START Extracted information
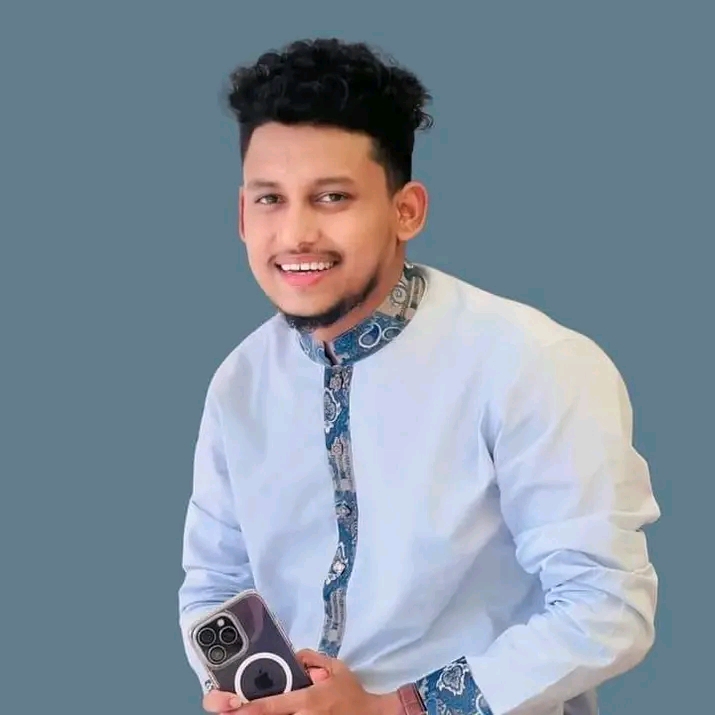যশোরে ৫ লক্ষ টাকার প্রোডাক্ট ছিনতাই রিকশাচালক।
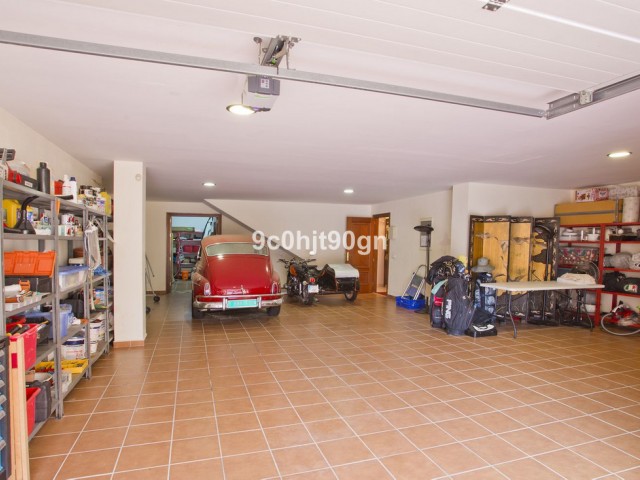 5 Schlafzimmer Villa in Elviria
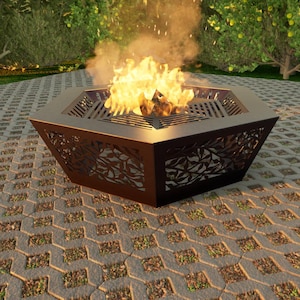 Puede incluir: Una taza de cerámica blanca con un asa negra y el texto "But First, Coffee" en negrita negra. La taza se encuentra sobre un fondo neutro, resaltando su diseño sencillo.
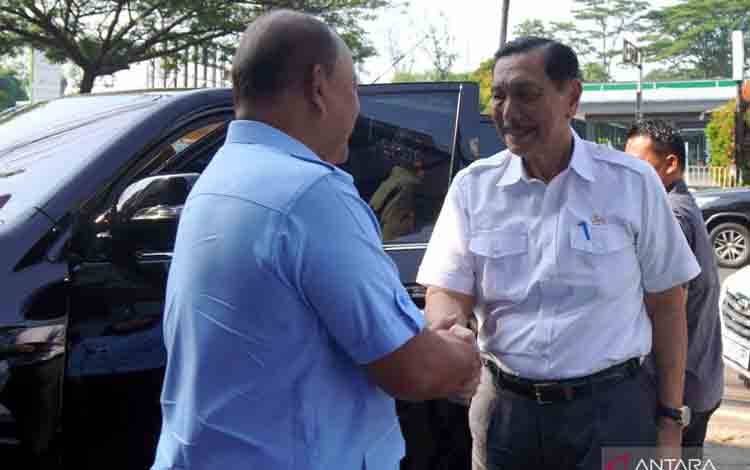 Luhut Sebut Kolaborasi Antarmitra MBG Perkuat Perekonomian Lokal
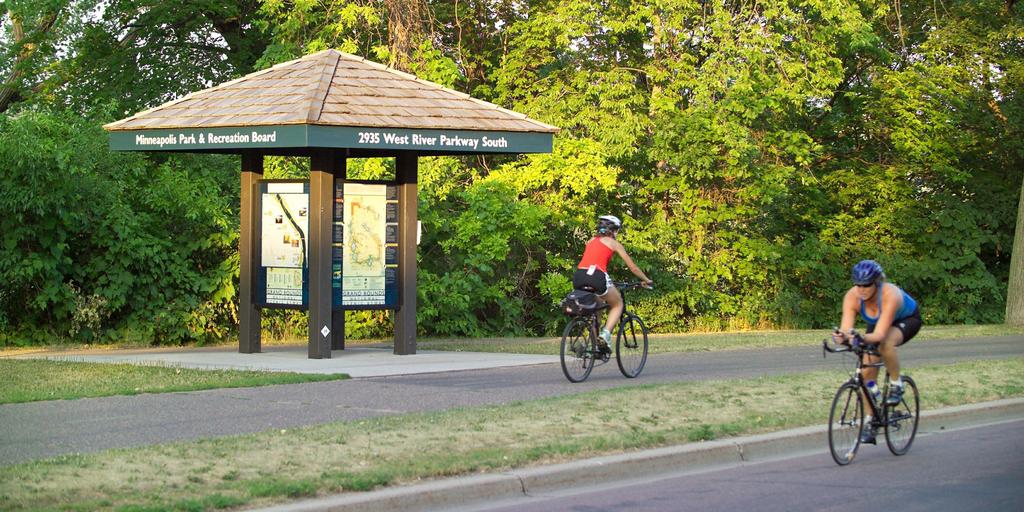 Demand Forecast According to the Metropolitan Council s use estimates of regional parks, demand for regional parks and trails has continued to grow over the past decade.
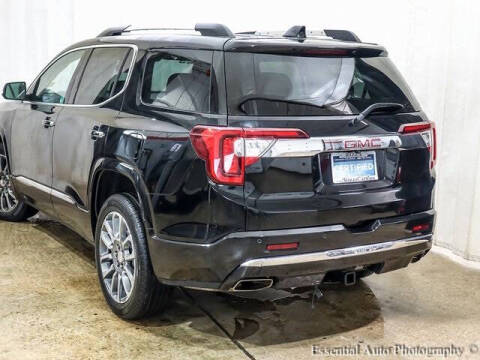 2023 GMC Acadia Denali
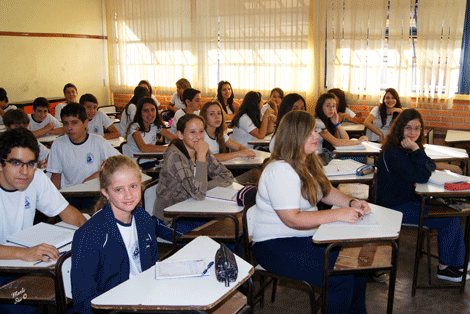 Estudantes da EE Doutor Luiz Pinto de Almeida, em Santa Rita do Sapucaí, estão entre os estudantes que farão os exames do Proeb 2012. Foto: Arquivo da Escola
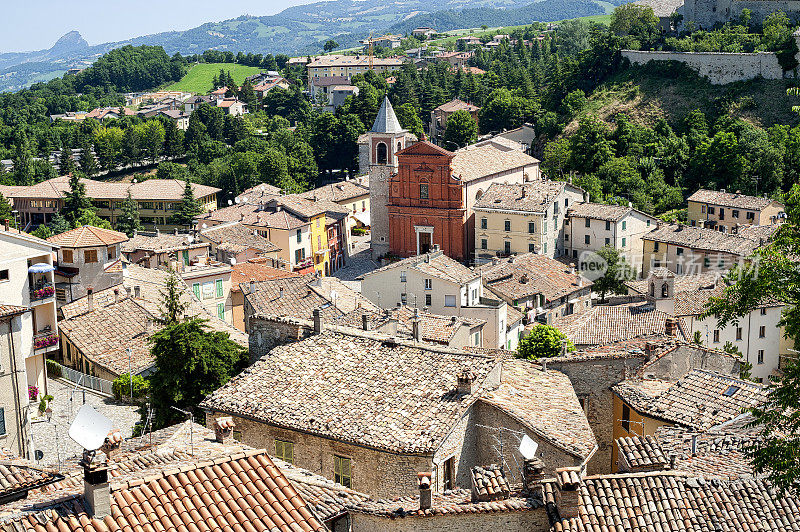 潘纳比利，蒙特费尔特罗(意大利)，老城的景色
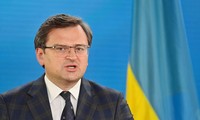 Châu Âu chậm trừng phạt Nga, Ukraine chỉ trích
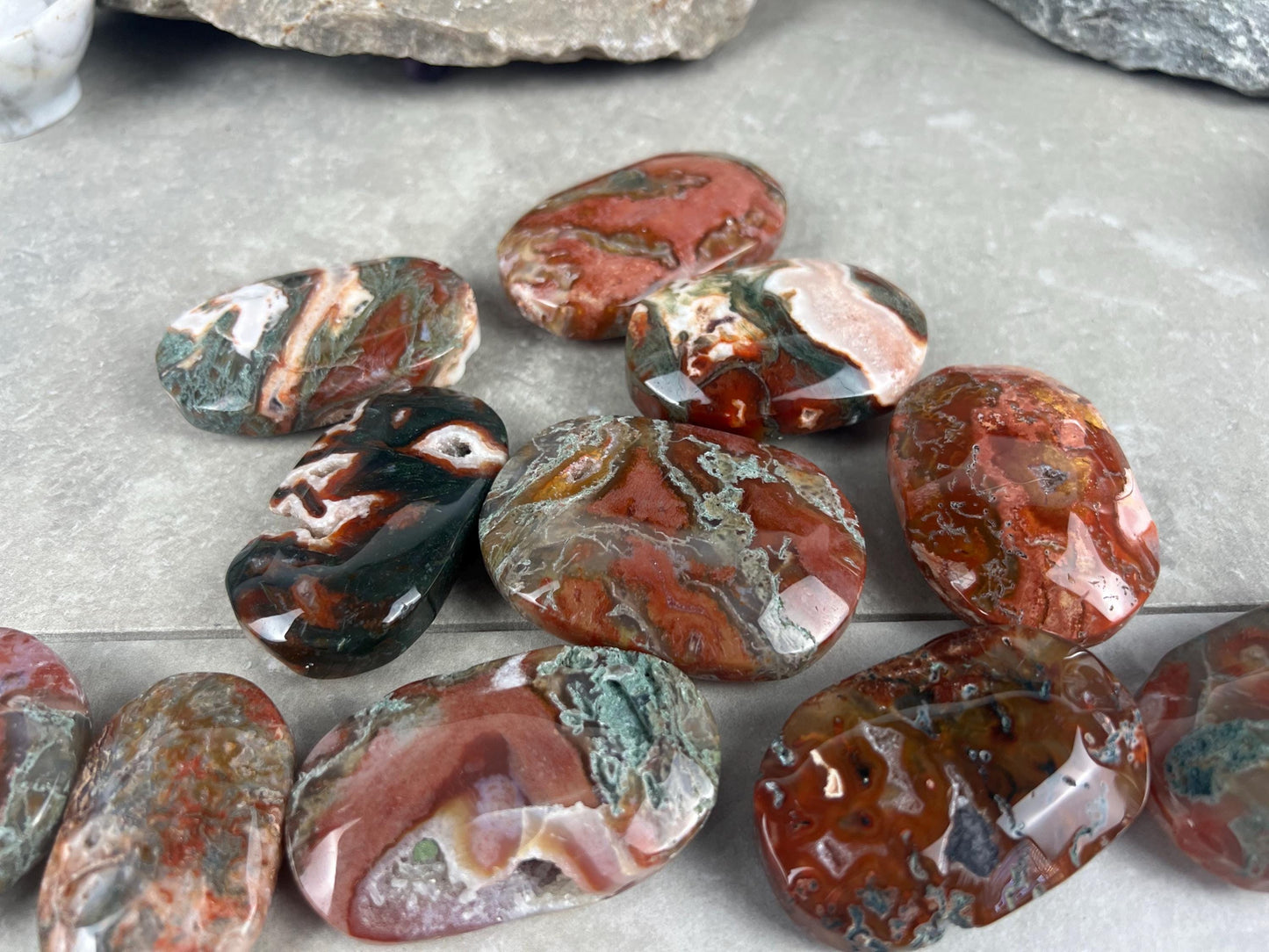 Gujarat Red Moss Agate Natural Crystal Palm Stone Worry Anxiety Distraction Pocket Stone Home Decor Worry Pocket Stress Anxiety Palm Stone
END Extracted information
▸ Assigned task
Ending at the line with "2023 GMC Acadia Denali", reproduce exactly the lines that begin at the top of the data, and include no pictures.

▸ Exercise response
যশোরে ৫ লক্ষ টাকার প্রোডাক্ট ছিনতাই রিকশাচালক।
 5 Schlafzimmer Villa in Elviria
 Puede incluir: Una taza de cerámica blanca con un asa negra y el texto "But First, Coffee" en negrita negra. La taza se encuentra sobre un fondo neutro, resaltando su diseño sencillo.
 Luhut Sebut Kolaborasi Antarmitra MBG Perkuat Perekonomian Lokal
 Demand Forecast According to the Metropolitan Council s use estimates of regional parks, demand for regional parks and trails has continued to grow over the past decade.
 2023 GMC Acadia Denali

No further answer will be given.